Thanks for taking the time to read this.

I'm having a go at making a slingshot-related device - essentially a sort of 'slingshot bazooka' - and I was wondering if anyone could offer any advice regarding the use of nitrile rubber tubing for the bands. Nitrile rubber tubing seems to be a fair bit cheaper than latex Thera-Band style tubing, and more readily available (in the required length) in the UK.

Each of the two bands used in the slingshot will be around 48in long, and they will each pass around a small pulley at the business end of the barrel.

I was planning on using tubing with an inside diameter of 5.4mm and a wall thickness of 2mm, giving an outside diameter of 9.4mm.

Best regards,

Chris


----------



## ZDP-189 (Mar 14, 2010)

Stick to latex unless building a ballista. On any smaller scale, it doesn't make sense to use any other.


----------



## christ (Oct 19, 2011)

Thanks for the reply, I appreciate the advice. Latex it is.

Chris


----------



## AJW (Apr 24, 2011)

Chris, that sounds awesome ! Would love to see pictures. It has the name of a big weapon, the tube diameter of a big weapon and the length of rubber (2 tubes of 4 feet each) of a big weapon .... it would be sacrilegious not kill something big with it. Or a group of big things. Or you could take Joerg with you and wipe out a species.

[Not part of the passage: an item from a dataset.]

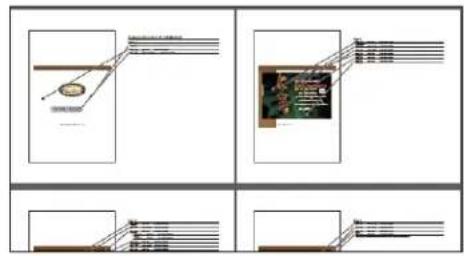 ADOBE Acrobat X Standard - Print a comment summary - 1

Really, I'm happy to see you tackle a project like this. It was clips of this type that got me into SSF and slingshots, so I wish you nothing but the very best for a lot of fun and a successful outcome.

Al


----------



## christ (Oct 19, 2011)

Thanks Al









I must "confess" early on that it's not my idea - I found it on Instructables - but I'll be making my own design based on the one I've found.

If I manage to make a half-decent bazooka, I'll post back here with the plans I used to build it.

Great forum, by the way









Chris


----------